Major NY banks plan to avoid medical marijuana firms
ALBANY — Some of the major federally regulated banks in New York have no plans to do business with the medical marijuana companies that were awarded licenses to grow and distribute the drug.
That means the banks will not accept deposits from the companies and will not allow bank-issued debit cards to be used to purchase the drug.
“While the use of medical marijuana is legal under applicable state laws in some states, the manufacture, distribution, and use of marijuana is still illegal under federal law," a spokesman for Wells Fargo said. "Our policy of not banking marijuana-related businesses is based on applicable federal laws."
Last year, the U.S. treasury and justice departments issued guidelines to banks to quell concerns over medical marijuana banking.
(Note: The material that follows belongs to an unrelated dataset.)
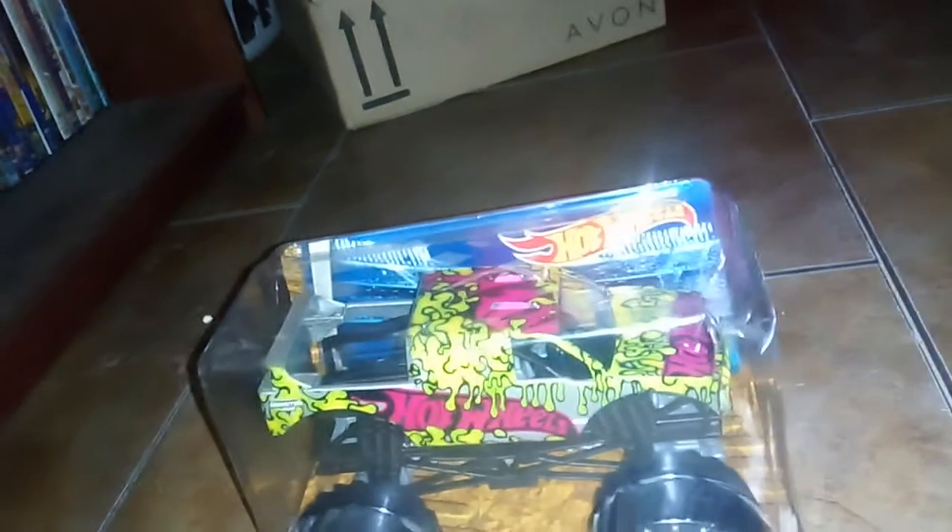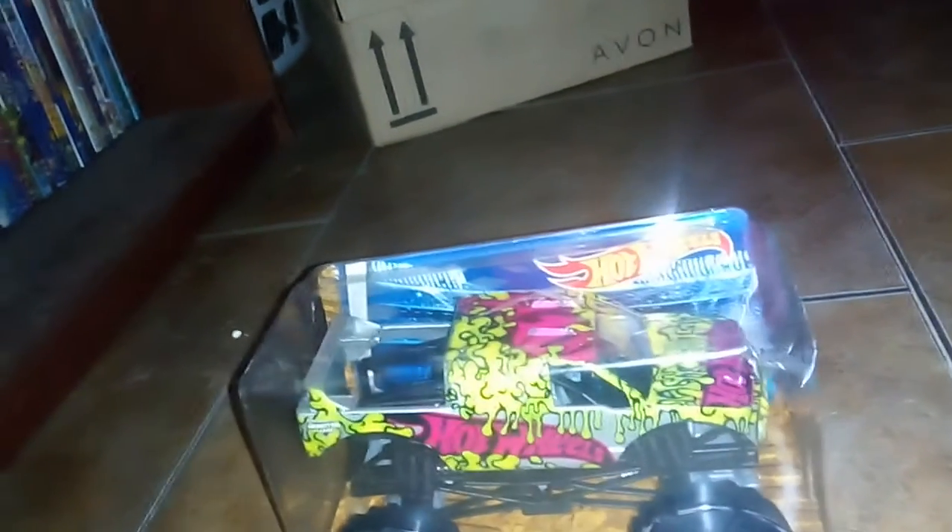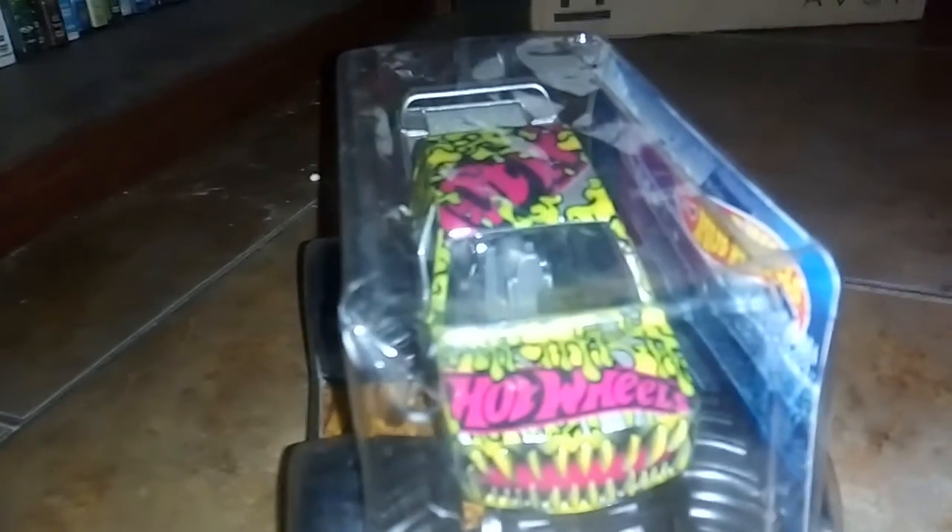This truck looks amazing! It has teeth. It's cool. I like it — it says Monster Jam. It came here and I'll patch it with the yellow. Looks nice, let's look at the back.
While the guidelines do not grant banks immunity from prosecution or penalties, the New York Times wrote, they were intended to assure banks that they would not be punished if they provide services to legitimate marijuana businesses in states where medical or recreational use is legal.
Despite the attempt to address the industry's concerns, some banks in New York still regard any involvement in the business of marijuana — even on the limited, pilot-scale medical marijuana initiative approved in New York by Governor Andrew Cuomo — to be too risky.
POLITICO New York reached out to several banks that operate branches in New York City, Long Island and in upstate New York to find out whether their branches will be accepting revenue from medical marijuana companies.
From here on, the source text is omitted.